Mr. Harelimana said he is barely even a-tenth of the person President Kagame is. After the ceremonial speeches and the journalists left the room, Mr. Harelimana broke
the news nobody was expecting.

"Mr. André Bumaya is no longer a member of PDI," revealed Mr. Harelimana, according to several different delegates who attended the conference. Bumaya wrote to him an e-mail saying he had to leave the country for “personal reasons” and that he will communicate his political position in the coming days.

"For that matter," Mr. Harelimana continued, "we shall not consider him a party member."

Mr. Bumaya was among the 20 ministers from President Kagame’s first cabinet in 2000 when he replaced then president Pasteur Bizimungu. Mr. Bumaya was named Foreign Affairs Minister, a post he lost two years later to Dr. Charles Murigande.

Mr. Bumaya, who some say rode to the top based on the fact that he was head of the PDI party- considered to primarily represent Muslims-was moved to the Ministry of Public Service. Prior to the 2003 Constitution which outlawed religious links for parties, the “I” stood for “Islamic”, but had to be changed to “Ideal”.

President Kagame again sacked Mr. Bumaya from the cabinet in March 2006 amid continued criticism from Parliament, media, and trade unions who blamed him for the woes that had grappled the Ministry of Labour and Public Service.

From the same period up until recently, the government came under immense pressure from donors to reform the public service.

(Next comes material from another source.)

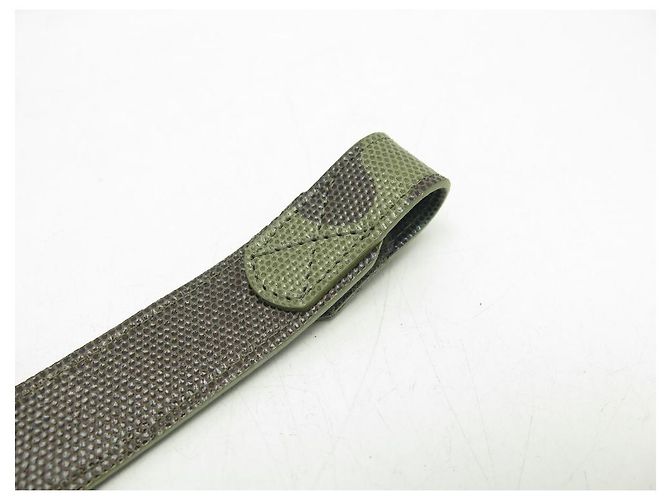SELTENER CHRISTIAN DIOR LOGO CD T GÜRTEL80 KHAKI GÜRTEL AUS GENARBTEM LEDER - vista 6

Thousands of government employees lost their jobs. Bitter complaints emerged from CESTRAR – the national trade union umbrella, about the way the retrenchment program had been handled.

In 2005, a Parliamentary probe was instituted to look into the complaints. A
damning report accused Mr. Bumaya of implementing the massive retrenchment prior to the creation of the Constitutional Public Service Commission; failing to create a national labour policy; and malpractices in the hiring and firing processes.

As indication that he had clearly fallen out of favour with the appointing RPF authorities, Mr. Bumaya was finally thrown out of the government in March 2006, but not without fierce criticism from the President.

President Kagame openly attacked Mr. Bumaya in a closed-door government retreat a
month earlier. In a clear reference to Mr. Bumaya, President Kagame used him as an example of a Cabinet minister who, he said, go around complaining that they don't posses recruitment powers. The President castigated such claims alleging they were only bent on taking the country back to the style regimes.

PDI insiders who watched the political drama unfold in the small party which has risen to glory on the strength of its alliance with the Rwanda Patriotic Front
(RPF) say the career of Mr. Bumaya started to get in trouble following the 2003 presidential poll.

Mr. Kagame was elected with Sheikh Musa Fazil Harelimana serving as the vice president of the electoral commission. Mr. Harelimana was eventually appointed
Governor of the Western Province.

In the March 2006 cabinet shuffle, Mr. Harelimana was brought into government as
Internal Security Minister as party rival Mr. Bumaya was thrown out.

Mr. Bumaya moved out of the country. It later emerged that he was in the United States completing a Masters Degree in international relations.

Mr. Harelimana’s rise up the party ladder was not about to stop. In 2007, he was elected to lead the small party, the strong backing of the head of the Islamic community in the country, Sheikh Habimana Swaleh.

Though Mr. Bumaya later became spokesman of PDI, observers believed he was no longer politically relevant anymore. His position as a party elite was no more, as the
profile of the Internal Security Minister got more entrenched.

Party “owner”?

The fall from grace for Mr. Bumaya was clearly over, for a man who appeared
out of the blue to be named Ambassador to Libya by the post-genocide government.

Established in 1991 as the Islamic Democratic Party (Parti démocratique islamique), it was founded at the time President Juvenal Habyrimana opened up political space to
multiparty politics.

The PDI joined forces with the RPF in the 2003 legislative election and won two seats in the Chamber of Deputes. Its leader at the time was Mr. Bumaya. In the current Lower Chamber, there are two Deputes representing PDI.